> _WHAT TO WORK ON_
Retype, word for word, every line of the records below starting at the one that contains "2002 Ford F450 Super Duty" and ending at the one that contains "Gray : DS105"; include both of those lines and nothing more.
_ _ _
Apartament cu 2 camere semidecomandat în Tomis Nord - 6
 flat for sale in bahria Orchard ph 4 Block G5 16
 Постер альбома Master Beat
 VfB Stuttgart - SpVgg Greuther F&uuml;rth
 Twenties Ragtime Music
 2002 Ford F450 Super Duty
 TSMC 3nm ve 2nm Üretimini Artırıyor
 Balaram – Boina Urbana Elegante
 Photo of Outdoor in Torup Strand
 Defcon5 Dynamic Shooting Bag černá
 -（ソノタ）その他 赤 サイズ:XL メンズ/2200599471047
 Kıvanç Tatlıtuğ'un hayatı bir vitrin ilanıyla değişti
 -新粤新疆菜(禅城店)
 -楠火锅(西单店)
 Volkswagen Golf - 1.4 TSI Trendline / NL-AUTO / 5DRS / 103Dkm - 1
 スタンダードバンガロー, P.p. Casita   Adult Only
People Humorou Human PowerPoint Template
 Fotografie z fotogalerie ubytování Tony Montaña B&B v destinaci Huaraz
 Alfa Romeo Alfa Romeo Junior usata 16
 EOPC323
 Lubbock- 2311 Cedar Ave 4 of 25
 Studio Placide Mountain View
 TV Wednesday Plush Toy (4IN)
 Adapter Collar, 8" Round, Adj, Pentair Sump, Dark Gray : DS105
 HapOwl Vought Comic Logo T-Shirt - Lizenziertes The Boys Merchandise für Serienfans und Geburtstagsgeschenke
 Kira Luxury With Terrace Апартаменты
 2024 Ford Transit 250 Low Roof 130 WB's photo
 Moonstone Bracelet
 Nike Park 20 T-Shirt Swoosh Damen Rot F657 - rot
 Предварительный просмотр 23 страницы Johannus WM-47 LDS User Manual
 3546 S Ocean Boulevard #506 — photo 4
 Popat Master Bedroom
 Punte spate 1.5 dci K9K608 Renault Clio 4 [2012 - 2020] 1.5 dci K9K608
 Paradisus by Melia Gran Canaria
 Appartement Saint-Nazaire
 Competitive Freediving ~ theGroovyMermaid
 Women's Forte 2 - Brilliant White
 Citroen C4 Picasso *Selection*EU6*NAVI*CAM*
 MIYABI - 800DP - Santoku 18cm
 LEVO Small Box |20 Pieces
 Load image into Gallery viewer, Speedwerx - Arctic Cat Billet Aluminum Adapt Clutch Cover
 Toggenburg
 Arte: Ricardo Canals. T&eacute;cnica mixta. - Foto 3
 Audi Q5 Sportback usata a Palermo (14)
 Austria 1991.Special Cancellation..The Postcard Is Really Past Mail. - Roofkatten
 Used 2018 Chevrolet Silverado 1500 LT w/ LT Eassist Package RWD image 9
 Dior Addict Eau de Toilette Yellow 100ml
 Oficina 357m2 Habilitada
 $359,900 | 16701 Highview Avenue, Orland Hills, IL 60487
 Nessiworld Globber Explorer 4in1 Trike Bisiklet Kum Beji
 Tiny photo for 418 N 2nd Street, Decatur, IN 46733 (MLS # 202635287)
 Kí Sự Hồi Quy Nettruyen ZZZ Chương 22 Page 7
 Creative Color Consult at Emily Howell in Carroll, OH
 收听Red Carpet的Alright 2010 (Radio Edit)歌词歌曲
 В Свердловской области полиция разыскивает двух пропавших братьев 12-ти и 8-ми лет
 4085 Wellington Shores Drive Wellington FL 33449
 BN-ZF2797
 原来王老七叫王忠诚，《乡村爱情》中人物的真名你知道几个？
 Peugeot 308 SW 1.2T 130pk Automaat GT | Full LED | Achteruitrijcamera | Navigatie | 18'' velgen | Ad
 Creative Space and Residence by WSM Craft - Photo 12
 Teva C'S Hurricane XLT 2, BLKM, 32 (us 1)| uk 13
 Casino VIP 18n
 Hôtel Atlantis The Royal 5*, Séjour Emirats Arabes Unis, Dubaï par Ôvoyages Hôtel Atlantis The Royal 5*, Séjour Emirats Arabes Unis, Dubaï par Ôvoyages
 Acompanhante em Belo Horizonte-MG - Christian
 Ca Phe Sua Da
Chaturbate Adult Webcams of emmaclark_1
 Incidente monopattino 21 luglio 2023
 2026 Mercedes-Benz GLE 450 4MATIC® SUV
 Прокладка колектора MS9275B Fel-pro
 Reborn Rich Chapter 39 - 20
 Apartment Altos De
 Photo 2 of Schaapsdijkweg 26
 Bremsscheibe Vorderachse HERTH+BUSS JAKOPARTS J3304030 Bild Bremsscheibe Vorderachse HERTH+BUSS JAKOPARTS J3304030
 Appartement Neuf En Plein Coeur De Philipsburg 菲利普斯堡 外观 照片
_ _ _
> _RESULT OF THIS EXERCISE_
 2002 Ford F450 Super Duty
 TSMC 3nm ve 2nm Üretimini Artırıyor
 Balaram – Boina Urbana Elegante
 Photo of Outdoor in Torup Strand
 Defcon5 Dynamic Shooting Bag černá
 -（ソノタ）その他 赤 サイズ:XL メンズ/2200599471047
 Kıvanç Tatlıtuğ'un hayatı bir vitrin ilanıyla değişti
 -新粤新疆菜(禅城店)
 -楠火锅(西单店)
 Volkswagen Golf - 1.4 TSI Trendline / NL-AUTO / 5DRS / 103Dkm - 1
 スタンダードバンガロー, P.p. Casita   Adult Only
People Humorou Human PowerPoint Template
 Fotografie z fotogalerie ubytování Tony Montaña B&B v destinaci Huaraz
 Alfa Romeo Alfa Romeo Junior usata 16
 EOPC323
 Lubbock- 2311 Cedar Ave 4 of 25
 Studio Placide Mountain View
 TV Wednesday Plush Toy (4IN)
 Adapter Collar, 8" Round, Adj, Pentair Sump, Dark Gray : DS105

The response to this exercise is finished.